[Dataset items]
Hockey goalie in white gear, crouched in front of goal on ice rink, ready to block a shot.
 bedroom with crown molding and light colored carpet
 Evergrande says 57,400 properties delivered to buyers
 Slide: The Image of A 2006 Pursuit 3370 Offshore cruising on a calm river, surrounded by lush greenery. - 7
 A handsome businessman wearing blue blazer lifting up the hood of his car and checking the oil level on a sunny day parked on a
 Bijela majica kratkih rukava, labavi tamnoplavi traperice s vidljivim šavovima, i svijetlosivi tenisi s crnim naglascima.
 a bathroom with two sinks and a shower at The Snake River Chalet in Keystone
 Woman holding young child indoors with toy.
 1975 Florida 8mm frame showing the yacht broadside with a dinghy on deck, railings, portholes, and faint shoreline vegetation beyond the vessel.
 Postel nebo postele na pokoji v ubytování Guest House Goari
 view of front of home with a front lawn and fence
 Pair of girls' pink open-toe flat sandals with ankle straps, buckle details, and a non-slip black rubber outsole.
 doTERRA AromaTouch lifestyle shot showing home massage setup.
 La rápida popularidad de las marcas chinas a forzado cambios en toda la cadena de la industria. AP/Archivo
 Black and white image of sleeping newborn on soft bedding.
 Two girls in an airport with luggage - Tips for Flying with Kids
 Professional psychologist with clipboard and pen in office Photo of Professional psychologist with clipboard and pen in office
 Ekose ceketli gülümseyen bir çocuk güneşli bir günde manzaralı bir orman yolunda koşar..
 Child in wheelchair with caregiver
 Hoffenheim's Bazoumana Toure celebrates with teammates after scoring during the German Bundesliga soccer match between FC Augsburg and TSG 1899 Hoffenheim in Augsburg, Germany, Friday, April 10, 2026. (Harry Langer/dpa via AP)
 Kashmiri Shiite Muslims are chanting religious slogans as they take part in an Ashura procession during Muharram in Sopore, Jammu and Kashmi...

PROBLEM TO SOLVE :: Only the count is needed: the number of lines in the data that include the word "girls".

FINISHED EXERCISE :: 2